# Two-group hypothesis testing: permutation tests

written in

In the last blog post I described how you could test whether the difference between two groups was statistically significant using an independent-samples t-test. (I will rely heavily on that blog post in this one, so I encourage you to at least skim it before reading this.) I used the example that your company (a retail website selling children’s toys) had launched two advertising campaigns and wanted to see whether they brought in different amounts of revenue. I cheekily assumed that the population distribution of amount spent per site visit was approximately normally distributed. However, this is unlikely to be the case - you are much more likely to have a large number of visitors that buy nothing, a smaller number spending a small to moderate amount, and then a minority of visitors spending a lot.

## What if my distributions are not normal?
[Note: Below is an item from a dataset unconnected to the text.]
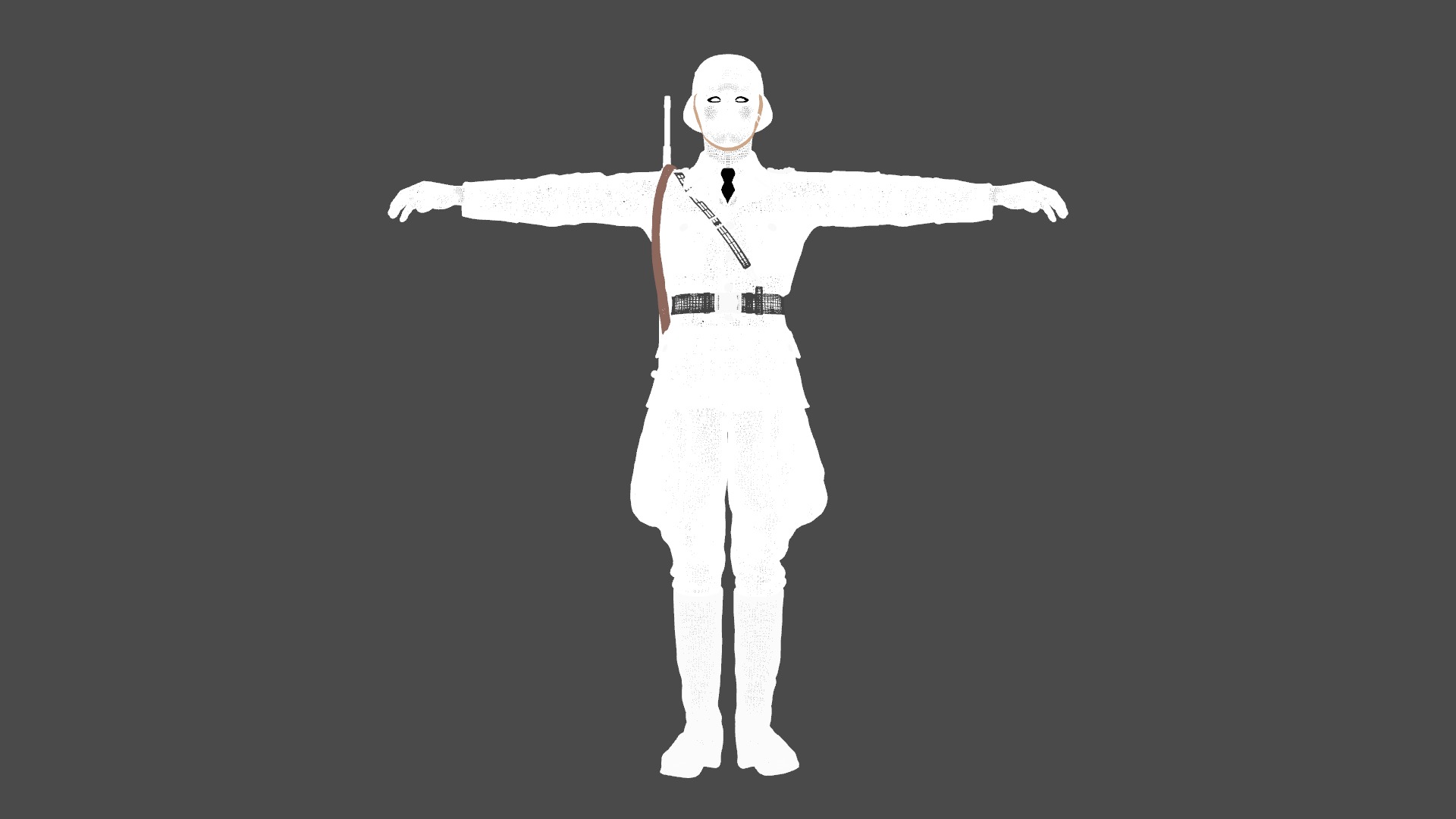 German SS Black Uniform WWII  Low-poly 3D model_20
(Image via Research Wahlberg)

In cases like this, we can’t use a t-test, so what can we do? We can instead rely on non-parametric methods. I will talk about one example, permutation tests, in this blog post. So how do they work? Well, when we collect our data (amount of money spent per visit), we assign it to a group depending on what advertising campaign the visit originated from. We then take the difference in the mean amount generated per campaign as our test statistic. What permutation tests suggest as their null hypothesis is that randomly reassigning (or permuting) these group labels and then taking the mean difference between these new groups will give a mean difference similar to the one we got from our original groups. In other words, the null hypothesis is that the group labels are arbitrary, and that we could get a mean difference of that size or bigger by chance alone. The alternative hypothesis is that the group labels are not arbitrary, and a mean difference of that size didn’t occur by chance. In permutation tests, we therefore permute the group labels a large number of times, and see where our original mean difference ranks among the permuted mean differences. This is a bit confusing, but I’ll talk you through it step-by-step.

## Simulating some data

As with the last post, let’s say we collected a sample of 40 site visits for each campaign. To simulate the samples, I will resort to my much-loved method of creating Franken-distributions - in this case, I am merging elements of exponential and uniform distributions, plus throwing in some zero counts. This will give us some inflation around zero and a tapering off as the amount spent per visit increases, which is a far more realistic representation of the sort of data we’d collect.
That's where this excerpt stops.